With young users, particularly, research suggests that social media crimes and graphic violent content can lead to aggressive behaviour
There is no doubt that social media has its benefits in contemporary times. From social communication, professional networking, academic learning to community building, access to social media is now part of the package for equal opportunities. However, there is also recognition that social media can play a role in promoting violence in societies. Challenges such as online harassment, cyber stalking, and social media-incited violence are on the rise. Social media platforms are being used in innovative ways to perpetuate crimes against vulnerable population groups like women, children and ethnic and religious minorities.
Regions like South Asia, with more conflict-ridden populations, unstable political relations, and unenforced laws have witnessed grave misuse of social media in recent years. There is evidence that social media sites have been used for various crimes including: (i) promotion of graphic violence, (ii) gang and mob violence in Bangladesh and Sri Lanka, (iii) ethnic conflict and massacre in India, (iv) misuse of blasphemy laws against religious minorities in Pakistan, and (v) genocide against Muslims in Myanmar.
Even when people are not openly promoting violence, their criticism of violence can contribute to oversharing of violent content or graphics. This can contribute to the normalisation of violence and its acceptance as a basic feature of human nature. Numerous scholars have presented evidence about social media’s role in sustaining gender-based violence, ethnic discrimination and religious intolerance; ironically, even when the overt purpose is to condemn violence. A case in point is the debate about how to manage domestic violence through TV plays in South Asia. Should these actually show the woman being hit or should it just be alluded to? Does the former sustain physical violence within the homes due to the reaffirmation that domestic violence is culturally accepted, despite the superficial censure?

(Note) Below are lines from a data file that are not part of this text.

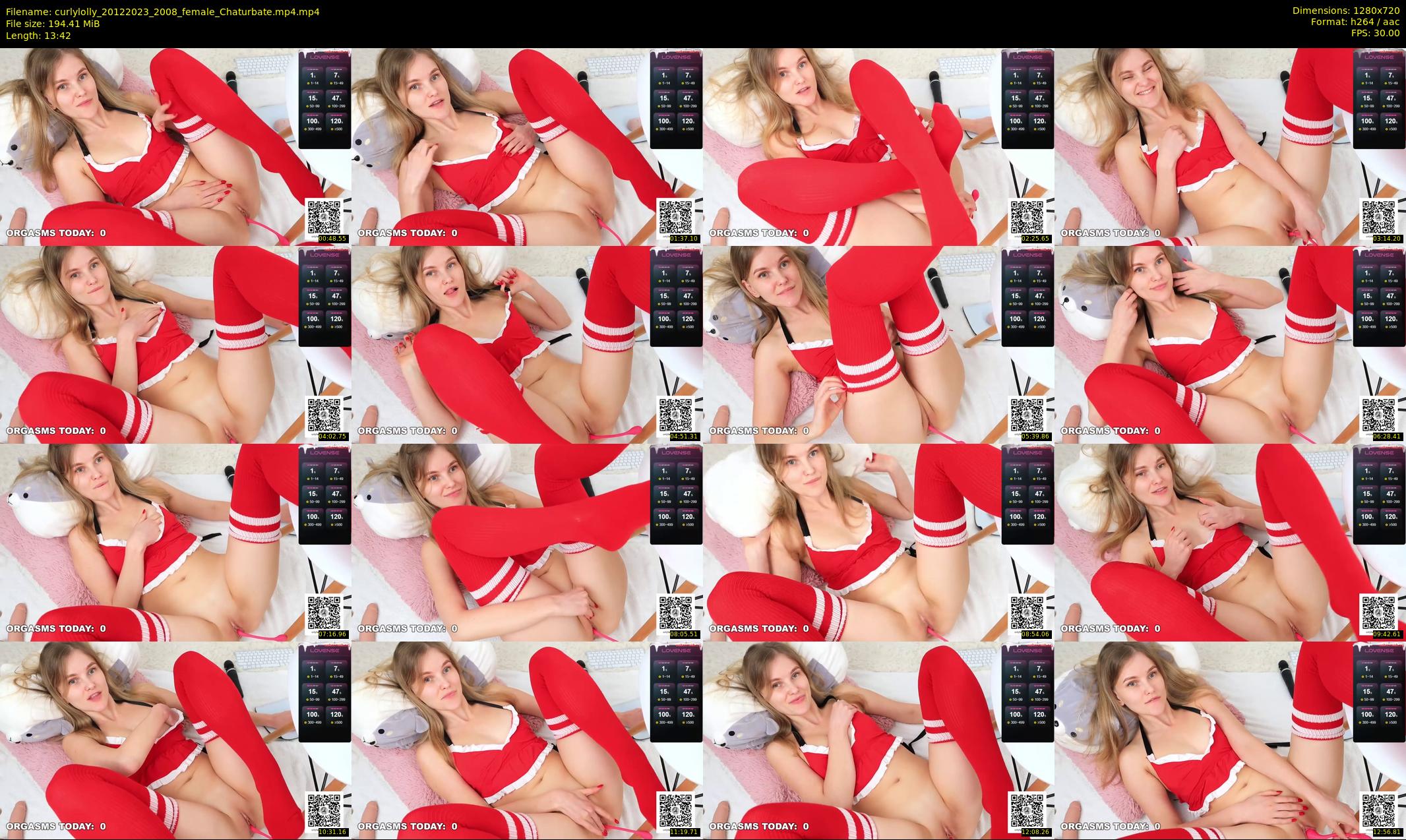 curlylolly — 14 minute Chaturbate female cam show recording, 720p, Dec 20, 2023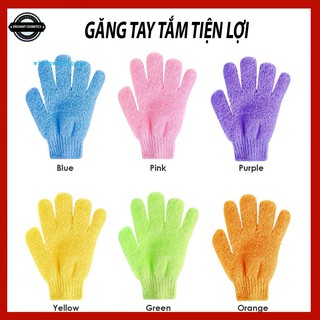Găng Tay Tắm Tiện Lợi ❤ FREESHIP ❤ Hỗ Trợ Tẩy Da Chết ❤ Freesize Chất Liệu Poly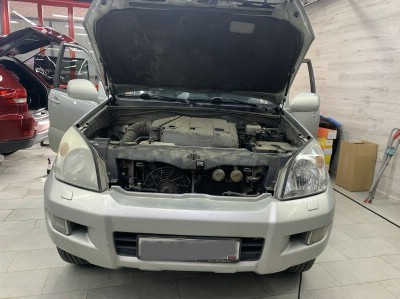 Полировка фар головного освещения Toyota LandcruisER (120) Prado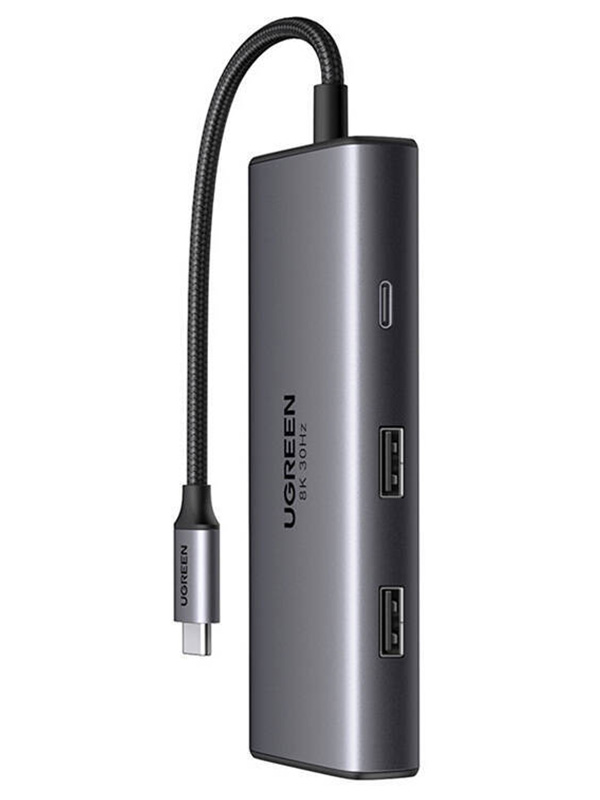 Изображение товара Разветвитель-адаптер Ugreen CM498 6-in-1 для USB-C и HDMI, 8K@30Hz, 100 Вт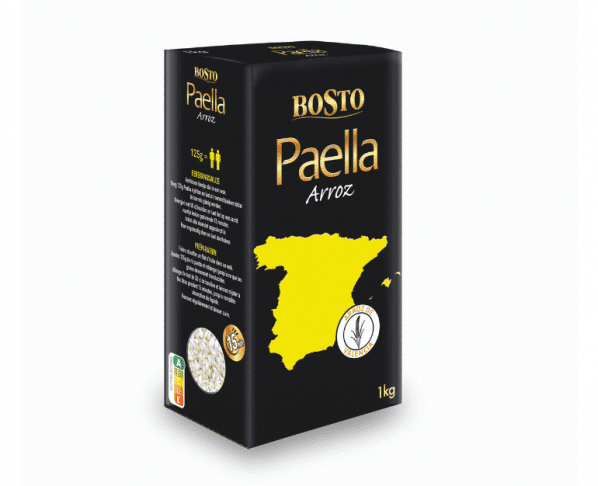 Bosto Premium Paella rijst Arroz 1kg Hopr online supermarkt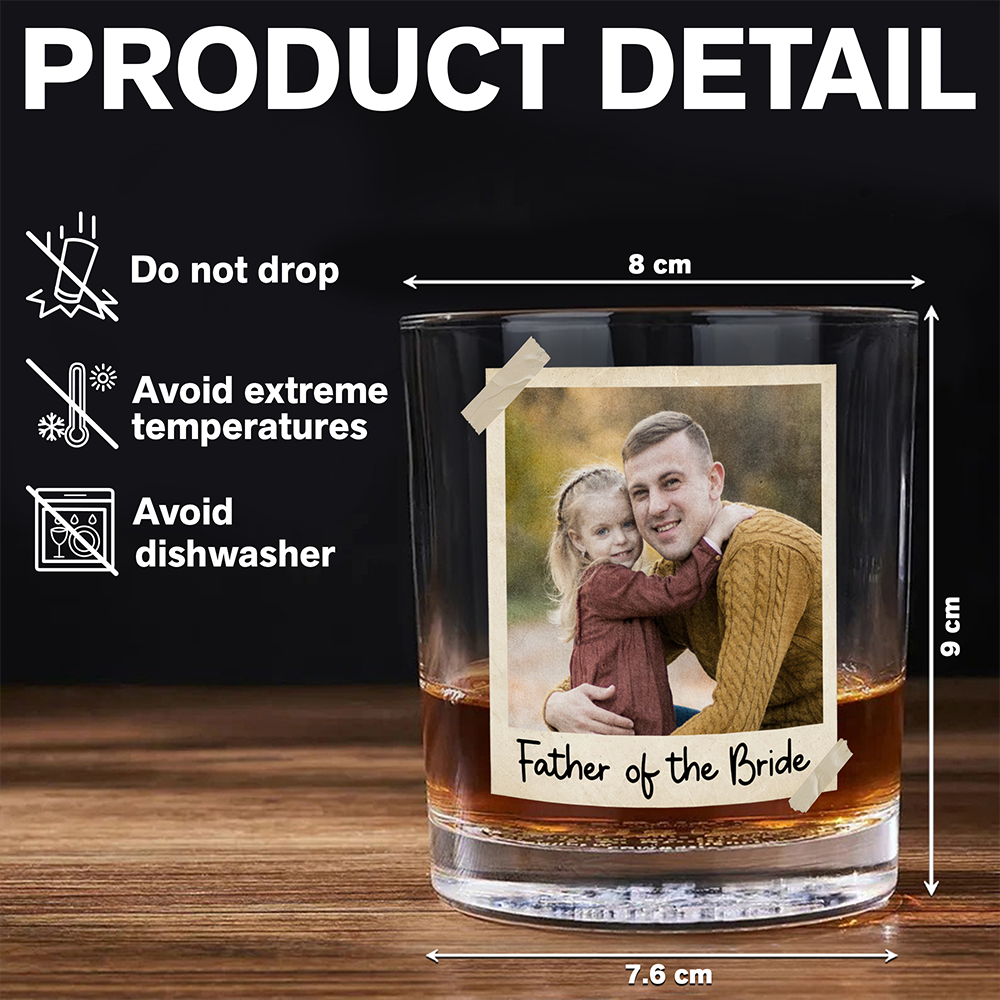 Personalized Father Of The Bride Whiskey Glass Gift For Wedding Day LM32 668933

It would not be wrong also to argue that social media-related crimes are a threat to public health. With young users, particularly, research suggests that social media crimes and graphic violent content can lead to aggressive behaviour and suicide ideation or actual acts of suicide. Other mental health problems such as stress, anxiety and depression are also common. People using social media in higher frequency are perpetually exposed to violence and may face some form of online crime at some point in their lives.
Who is to blame?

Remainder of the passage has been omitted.